Incivility is a term used to describe social behavior that is characterized by a lack of civility or good manners. This behavior can range from rudeness or a lack of respect for elders, to vandalism and hooliganism, as well as public drunkenness and threatening behaviour. The term "incivility" is derived from the Latin word incivilis, which means "not of a citizen".

The distinction between plain rudeness, and perceived incivility as threat, will depend on some notion of civility as structural to society. Incivility, as anything more ominous than bad manners, is therefore dependent on appeal to notions like its antagonism to the complex concepts of civic virtue or civil society. This phenomenon has become a contemporary political issue in a number of countries.

== Uncivil communication ==
Civil behavior requires that people communicate with respect, restraint, and responsibility, and uncivil communication occurs when people fail to do so. Universal pragmatics, a term coined by Jürgen Habermas, suggests that human conflict arises from miscommunication, so communicative competence is needed to reduce conflict. Communication competence "involves the ability to communicate in such a way that: (1) the truth claim of an utterance is shared by both speaker and hearer; (2) the hearer is led to understand and accept the speaker’s intention; and (3) the speaker adapts to the hearer’s world view." If people disagree about the truth or appropriateness of their interaction, conflict will occur.
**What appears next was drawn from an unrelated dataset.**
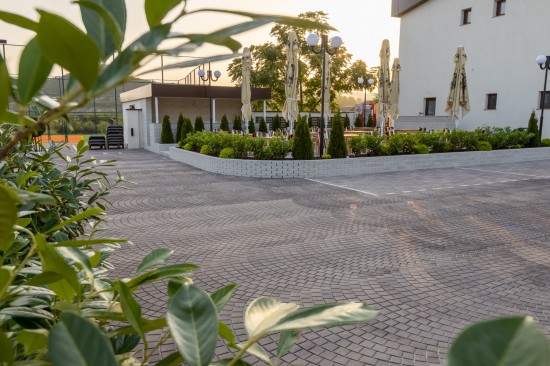 Parcare, alei acces, zona relaxare, Hotel River, Ludus, pavele Arcade, Antico, Cortina D7, Borduri B10, Banci Resto, Focar Quadra
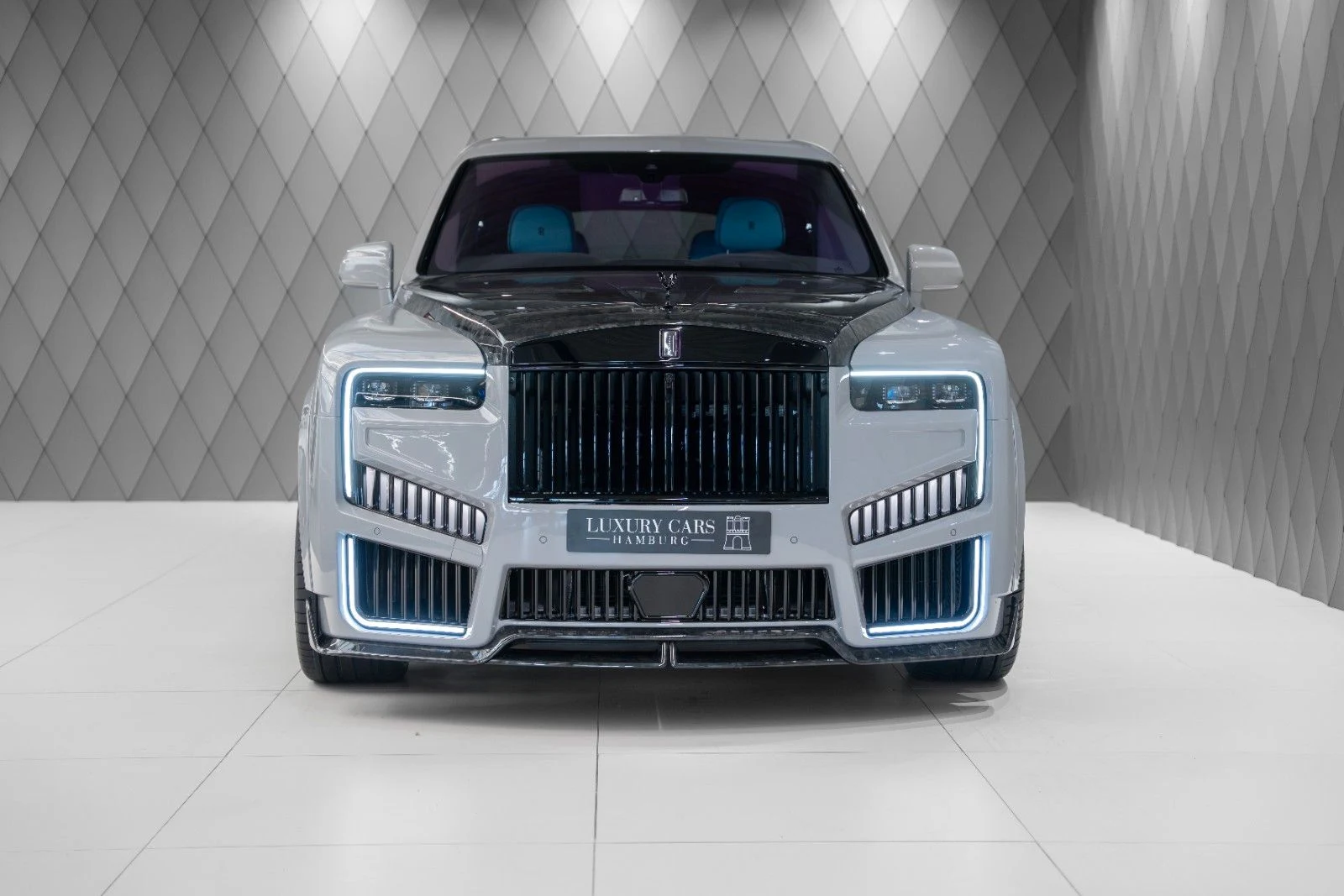 Gray and carbon Rolls-Royce Cullinan MANSORY, full front view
According to Habermas, we should establish communicative norms that lead to rational conversations by creating the social coordination needed for interactants to pursue their goals while recognizing the truth or appropriateness of their interaction. Such norms, or social rules, include: "all participants must be allowed to speak freely, all participants must be allowed to speak for themselves (to enable them to establish their own ethos or "selfhood"), and that communication should be equal, with no one participant commanding more attention from the others than is afforded to them on their turn."

Some examples of uncivil communication include rude gestures, vulgar language, interrupting, and loudly having private discussions in public spaces. Recent poll data suggests that Americans believe uncivil communication is a serious problem, and believe it has led to an increase in physical violence. The 2013 study on Civility in America: A Nationwide Survey, conducted by global public relations firm Weber Shandwick and public affairs firm Powell Tate in partnership with KRC Research found that 70 percent of Americans believe incivility has reached crisis proportions. Of those who expect civility to worsen, 34 percent blame Twitter. The study found that Americans encounter incivility, on average, 17.1 times per week, or 2.4 times per day. Some studies suggest that uncivil communication may have real consequences, including increased health problems due to stress, decreased work productivity, more auto accidents caused by aggressive driving, and vandalism.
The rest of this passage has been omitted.